Enhanced prediction for battery aging capacity using an efficient temporal convolutional network

For electric vehicles (EVs), reliable prediction of battery aging capacity is crucial to guarantee the driving safety. However, advanced prediction methods incur more energy consumption because of their substantial computation requirements. Consequently, a compact and accurate prediction model is urgently needed. To this end, we propose an efficient prediction model that simultaneously achieves the dual goals of reducing the computational burden and improving the accuracy of its predictions. From the extensive real-vehicle data, the charging hot-spot ranges are divided to establish a reliable foundation for screening high-quality and low-quantity data. Based on the screened data, a seasonal-trend decomposition algorithm and an independent feature analysis are presented to reveal significant features associated with aging capacity.

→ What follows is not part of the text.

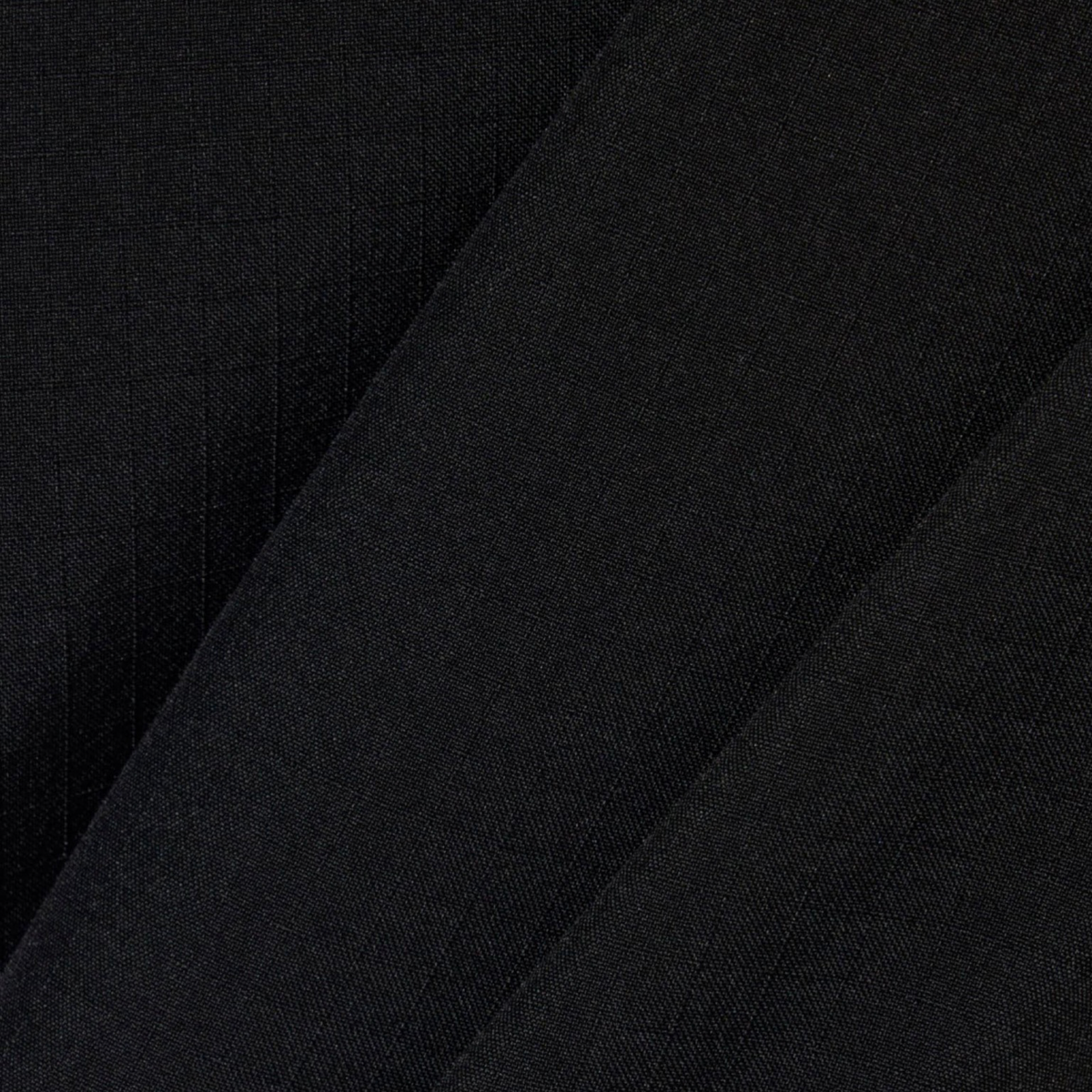 New Arrival LACOSTE TRIM ACCENT TENNIS TRACKSUIT - Men-BLACK/GREY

Subsequently, we combine the advantage of the decomposition method and a temporal convolutional network (DMTCN) to predict the battery aging capacity with satisfactory accuracy in the near future. Furthermore, a particular decoupling mechanism is proposed to rectify the analytical interference and misinformation caused by the mixing of data. The experimental results demonstrate that the computational burden of the proposed DMTCN model is obviously reduced using this mechanism, while the prediction accuracy is further enhanced. We are delighted that this new attempt has achieved the impressive results.